Hurricane runs with a single master node and multiple worker nodes. The system reads data from a persistent, streaming, log-file storage system such as Kafka. The master reads the log data in batches and then launches tasks on workers to process each batch and generate relevant RDDs. The master tracks and persists all RDDs and their dependencies. Fault tolerance is achieved in the same style as Spark.
Hurricane was built at past of MIT's 6.824 Distributed Systems class. See the Final paper.
Hurricane processes data through user defined jobs. These jobs can be written in any language as long as they can read from stdin and output to stdout. Jobs should be precompiled as to reduce overhead during computation. Precompile user defined functions:
sh build_udfs.sh
The master node persists datastructures to disk and keeps relations in a postgresql database. The database must be initialized before use. This will create tables and clear any existing data. Initialize the database:
go run init_database.go
The master needs to load the workflow into memory in order to know what jobs exist and how the data should propogate through the system. Load the workflow:
go run load_workflow.go src/demo/wordcount_go/wc_workflow
Once everything is set up, the next step is to start the master and workers.

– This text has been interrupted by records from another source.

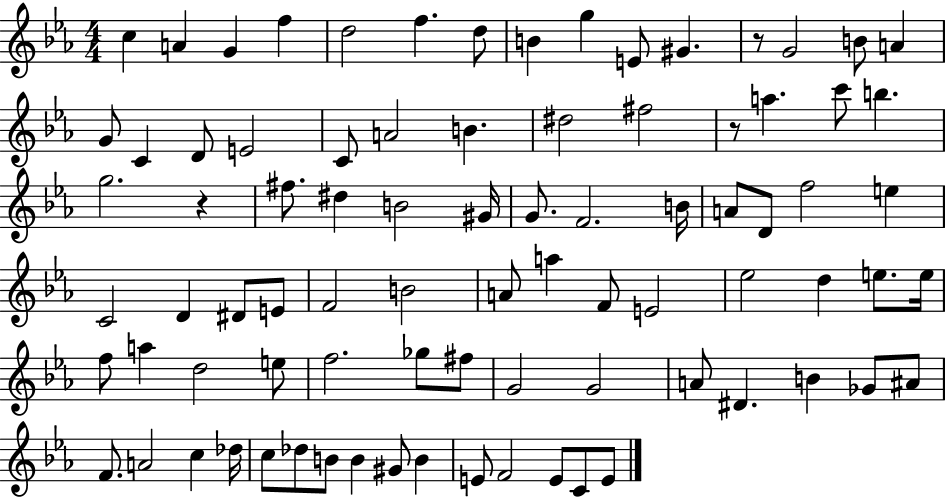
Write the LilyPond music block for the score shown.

{
  \clef treble
  \numericTimeSignature
  \time 4/4
  \key ees \major
  c''4 a'4 g'4 f''4 | d''2 f''4. d''8 | b'4 g''4 e'8 gis'4. | r8 g'2 b'8 a'4 | \break g'8 c'4 d'8 e'2 | c'8 a'2 b'4. | dis''2 fis''2 | r8 a''4. c'''8 b''4. | \break g''2. r4 | fis''8. dis''4 b'2 gis'16 | g'8. f'2. b'16 | a'8 d'8 f''2 e''4 | \break c'2 d'4 dis'8 e'8 | f'2 b'2 | a'8 a''4 f'8 e'2 | ees''2 d''4 e''8. e''16 | \break f''8 a''4 d''2 e''8 | f''2. ges''8 fis''8 | g'2 g'2 | a'8 dis'4. b'4 ges'8 ais'8 | \break f'8. a'2 c''4 des''16 | c''8 des''8 b'8 b'4 gis'8 b'4 | e'8 f'2 e'8 c'8 e'8 | \bar "|."
}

Additional workers may be started for increased performance and fault tolerance.
go run start_master.go localhost:1234
go run start_worker.go localhost:1235 localhost:1234
Hurricane can be used to process data. In this example, we will show how a simple wordcount program can be written. Other examples such as grep exist. This is an example which keeps a running sum of errors found in a kafka log over the past 30 seconds.

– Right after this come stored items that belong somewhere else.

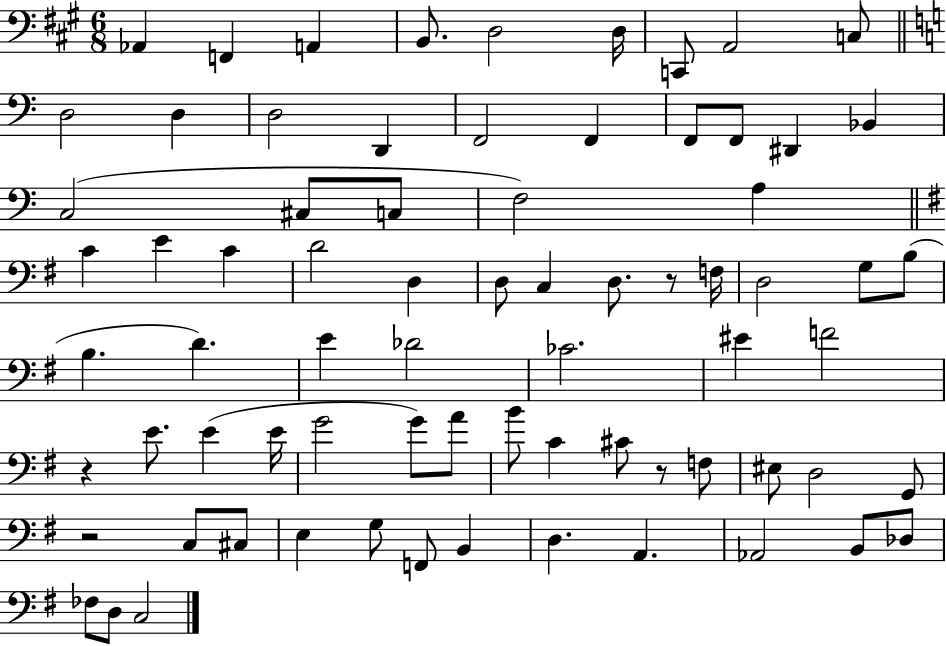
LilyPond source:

{
  \clef bass
  \numericTimeSignature
  \time 6/8
  \key a \major
  aes,4 f,4 a,4 | b,8. d2 d16 | c,8 a,2 c8 | \bar "||" \break \key c \major d2 d4 | d2 d,4 | f,2 f,4 | f,8 f,8 dis,4 bes,4 | \break c2( cis8 c8 | f2) a4 | \bar "||" \break \key e \minor c'4 e'4 c'4 | d'2 d4 | d8 c4 d8. r8 f16 | d2 g8 b8( | \break b4. d'4.) | e'4 des'2 | ces'2. | eis'4 f'2 | \break r4 e'8. e'4( e'16 | g'2 g'8) a'8 | b'8 c'4 cis'8 r8 f8 | eis8 d2 g,8 | \break r2 c8 cis8 | e4 g8 f,8 b,4 | d4. a,4. | aes,2 b,8 des8 | \break fes8 d8 c2 | \bar "|."
}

The heart of the system lies in the workflow. A workflow is a directed graph of jobs to be run over the data. Jobs can manipulate and change the data and pass them onto other jobs. Each job will be run on a different worker as workers become available to process more data. This is an example of a wordcount workflow.
d=1000
JOBS
A: @/src/demo/wordcount_go/wordcount_input.udf ;; r=true & p=(0) & w=1 & b=1
B: @/src/demo/wordcount_go/wordcount_map.udf ;; r=true & p=(0) & w=1 & b=10
C: @/src/demo/wordcount_go/wordcount_reduce.udf ;; r=true & p=(0) & w=2 & b=1 & c=1
D: @/src/demo/wordcount_go/wordcount_output.udf ;; r=true & p=(0) & w=1 & b=1
WORKFLOW
A -> B
B -> C
C -> D
There are 4 jobs in this linear workflow. Together they read in a file, computer a MR wordcount over the data, and output to disk.
- input: Reads in a file and converts it to a hurricane RDD.

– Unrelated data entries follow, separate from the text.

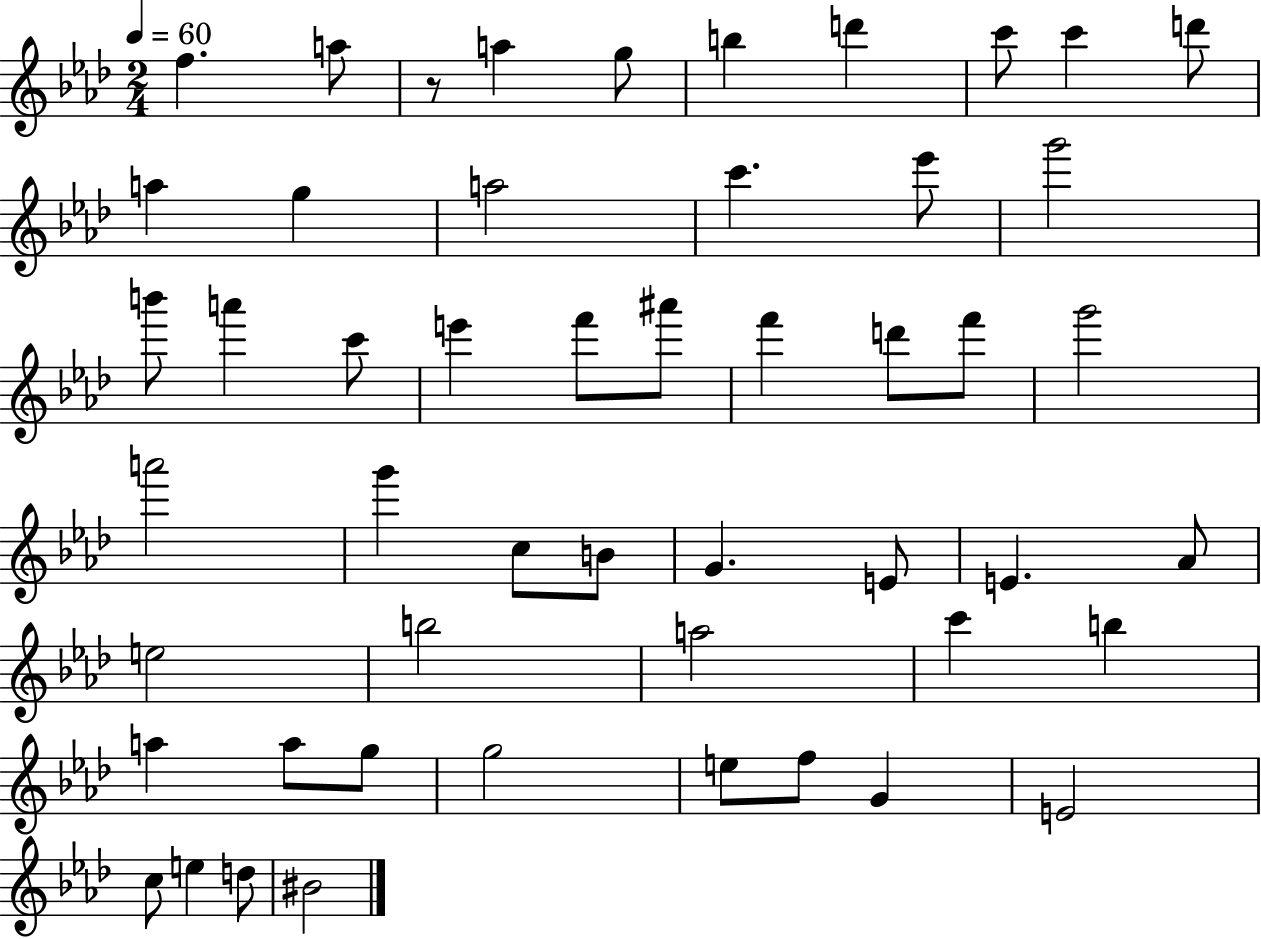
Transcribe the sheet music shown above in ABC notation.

X:1
T:Untitled
M:2/4
L:1/4
K:Ab
f a/2 z/2 a g/2 b d' c'/2 c' d'/2 a g a2 c' _e'/2 g'2 b'/2 a' c'/2 e' f'/2 ^a'/2 f' d'/2 f'/2 g'2 a'2 g' c/2 B/2 G E/2 E _A/2 e2 b2 a2 c' b a a/2 g/2 g2 e/2 f/2 G E2 c/2 e d/2 ^B2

- map: Tokenize words into a key-value RDD.
- reduce: Group together key-value pairs into a new RDD.
- output: Write data to disk (could be a NFS).
Each job in a workflow is a user defined function (UDF). This is an example of the map job for a wordcount program written in Go.
func main() {
// read input from standard input and create tuples
inputTuples := make([]worker.Tuple, 0)
worker.ReadTupleStream(os.Stdin, func(tuple worker.Tuple, index int) {
inputTuples = append(inputTuples, tuple)
})
// get standard output
stdout := os.NewFile(uintptr(syscall.Stdout), "/dev/stdout")
// iterate over input tuples
for _, tuple := range inputTuples {
words := strings.Fields(tuple.Slice[0])
// iterate over words
for _, word := range words {
// emit each word in a new tuple
outTuple := worker.Tuple{[]string{strings.ToLower(word), "1"}}
stdout.Write(outTuple.SerializeTuple(0))
stdout.Write([]byte{'\n'})
}
}
}
The input tuples for each job are read from stdin. Output tuples should be written to stdout. This allows UDFs to be written in any language.